§ **Requirement**:
Output the entries underneath exactly as they are.

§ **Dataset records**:
+ + + + + + +
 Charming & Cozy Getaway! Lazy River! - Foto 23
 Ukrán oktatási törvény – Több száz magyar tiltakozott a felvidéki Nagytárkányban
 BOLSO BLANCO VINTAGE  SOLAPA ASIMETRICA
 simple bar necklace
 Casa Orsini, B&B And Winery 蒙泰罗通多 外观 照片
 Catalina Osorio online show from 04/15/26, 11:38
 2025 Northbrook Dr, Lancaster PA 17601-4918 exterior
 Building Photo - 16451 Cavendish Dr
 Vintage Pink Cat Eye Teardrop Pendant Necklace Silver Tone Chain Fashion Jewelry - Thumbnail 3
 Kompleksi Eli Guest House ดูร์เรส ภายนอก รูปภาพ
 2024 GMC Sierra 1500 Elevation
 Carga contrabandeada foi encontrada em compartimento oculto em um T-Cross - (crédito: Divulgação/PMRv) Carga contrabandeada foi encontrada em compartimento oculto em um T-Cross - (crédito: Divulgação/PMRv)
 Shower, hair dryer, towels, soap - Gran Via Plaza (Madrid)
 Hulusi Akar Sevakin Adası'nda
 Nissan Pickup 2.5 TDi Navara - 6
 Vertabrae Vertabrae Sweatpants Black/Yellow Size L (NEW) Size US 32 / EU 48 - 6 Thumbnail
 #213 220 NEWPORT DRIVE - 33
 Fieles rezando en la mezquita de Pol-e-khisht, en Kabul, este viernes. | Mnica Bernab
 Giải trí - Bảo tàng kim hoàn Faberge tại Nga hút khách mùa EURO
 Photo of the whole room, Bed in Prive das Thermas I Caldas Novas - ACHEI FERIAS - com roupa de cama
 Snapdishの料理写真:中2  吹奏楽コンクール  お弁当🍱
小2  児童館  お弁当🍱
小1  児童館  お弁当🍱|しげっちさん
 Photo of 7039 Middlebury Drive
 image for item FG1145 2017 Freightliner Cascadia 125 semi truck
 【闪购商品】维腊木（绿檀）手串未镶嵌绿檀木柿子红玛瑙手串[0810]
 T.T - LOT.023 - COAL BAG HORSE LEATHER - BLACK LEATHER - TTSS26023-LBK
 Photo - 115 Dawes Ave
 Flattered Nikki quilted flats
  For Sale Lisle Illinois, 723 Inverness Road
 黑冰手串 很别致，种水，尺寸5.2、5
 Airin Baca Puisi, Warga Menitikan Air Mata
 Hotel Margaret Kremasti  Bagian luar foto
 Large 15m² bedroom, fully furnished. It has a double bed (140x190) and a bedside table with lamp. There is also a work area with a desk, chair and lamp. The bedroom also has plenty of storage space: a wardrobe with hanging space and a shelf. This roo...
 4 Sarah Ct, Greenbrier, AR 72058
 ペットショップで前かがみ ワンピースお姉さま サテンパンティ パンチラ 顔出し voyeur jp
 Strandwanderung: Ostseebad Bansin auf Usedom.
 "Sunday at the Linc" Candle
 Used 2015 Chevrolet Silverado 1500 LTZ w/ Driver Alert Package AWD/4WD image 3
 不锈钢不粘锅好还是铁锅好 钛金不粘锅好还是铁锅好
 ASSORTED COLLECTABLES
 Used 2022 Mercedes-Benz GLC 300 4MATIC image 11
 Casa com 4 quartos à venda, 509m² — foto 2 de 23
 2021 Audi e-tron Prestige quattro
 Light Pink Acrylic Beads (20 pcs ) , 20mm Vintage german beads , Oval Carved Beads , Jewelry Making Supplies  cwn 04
+ + + + + + +
§ **Completed task**:
 Charming & Cozy Getaway! Lazy River! - Foto 23
 Ukrán oktatási törvény – Több száz magyar tiltakozott a felvidéki Nagytárkányban
 BOLSO BLANCO VINTAGE  SOLAPA ASIMETRICA
 simple bar necklace
 Casa Orsini, B&B And Winery 蒙泰罗通多 外观 照片
 Catalina Osorio online show from 04/15/26, 11:38
 2025 Northbrook Dr, Lancaster PA 17601-4918 exterior
 Building Photo - 16451 Cavendish Dr
 Vintage Pink Cat Eye Teardrop Pendant Necklace Silver Tone Chain Fashion Jewelry - Thumbnail 3
 Kompleksi Eli Guest House ดูร์เรส ภายนอก รูปภาพ
 2024 GMC Sierra 1500 Elevation
 Carga contrabandeada foi encontrada em compartimento oculto em um T-Cross - (crédito: Divulgação/PMRv) Carga contrabandeada foi encontrada em compartimento oculto em um T-Cross - (crédito: Divulgação/PMRv)
 Shower, hair dryer, towels, soap - Gran Via Plaza (Madrid)
 Hulusi Akar Sevakin Adası'nda
 Nissan Pickup 2.5 TDi Navara - 6
 Vertabrae Vertabrae Sweatpants Black/Yellow Size L (NEW) Size US 32 / EU 48 - 6 Thumbnail
 #213 220 NEWPORT DRIVE - 33
 Fieles rezando en la mezquita de Pol-e-khisht, en Kabul, este viernes. | Mnica Bernab
 Giải trí - Bảo tàng kim hoàn Faberge tại Nga hút khách mùa EURO
 Photo of the whole room, Bed in Prive das Thermas I Caldas Novas - ACHEI FERIAS - com roupa de cama
 Snapdishの料理写真:中2  吹奏楽コンクール  お弁当🍱
小2  児童館  お弁当🍱
小1  児童館  お弁当🍱|しげっちさん
 Photo of 7039 Middlebury Drive
 image for item FG1145 2017 Freightliner Cascadia 125 semi truck
 【闪购商品】维腊木（绿檀）手串未镶嵌绿檀木柿子红玛瑙手串[0810]
 T.T - LOT.023 - COAL BAG HORSE LEATHER - BLACK LEATHER - TTSS26023-LBK
 Photo - 115 Dawes Ave
 Flattered Nikki quilted flats
  For Sale Lisle Illinois, 723 Inverness Road
 黑冰手串 很别致，种水，尺寸5.2、5
 Airin Baca Puisi, Warga Menitikan Air Mata
 Hotel Margaret Kremasti  Bagian luar foto
 Large 15m² bedroom, fully furnished. It has a double bed (140x190) and a bedside table with lamp. There is also a work area with a desk, chair and lamp. The bedroom also has plenty of storage space: a wardrobe with hanging space and a shelf. This roo...
 4 Sarah Ct, Greenbrier, AR 72058
 ペットショップで前かがみ ワンピースお姉さま サテンパンティ パンチラ 顔出し voyeur jp
 Strandwanderung: Ostseebad Bansin auf Usedom.
 "Sunday at the Linc" Candle
 Used 2015 Chevrolet Silverado 1500 LTZ w/ Driver Alert Package AWD/4WD image 3
 不锈钢不粘锅好还是铁锅好 钛金不粘锅好还是铁锅好
 ASSORTED COLLECTABLES
 Used 2022 Mercedes-Benz GLC 300 4MATIC image 11
 Casa com 4 quartos à venda, 509m² — foto 2 de 23
 2021 Audi e-tron Prestige quattro
 Light Pink Acrylic Beads (20 pcs ) , 20mm Vintage german beads , Oval Carved Beads , Jewelry Making Supplies  cwn 04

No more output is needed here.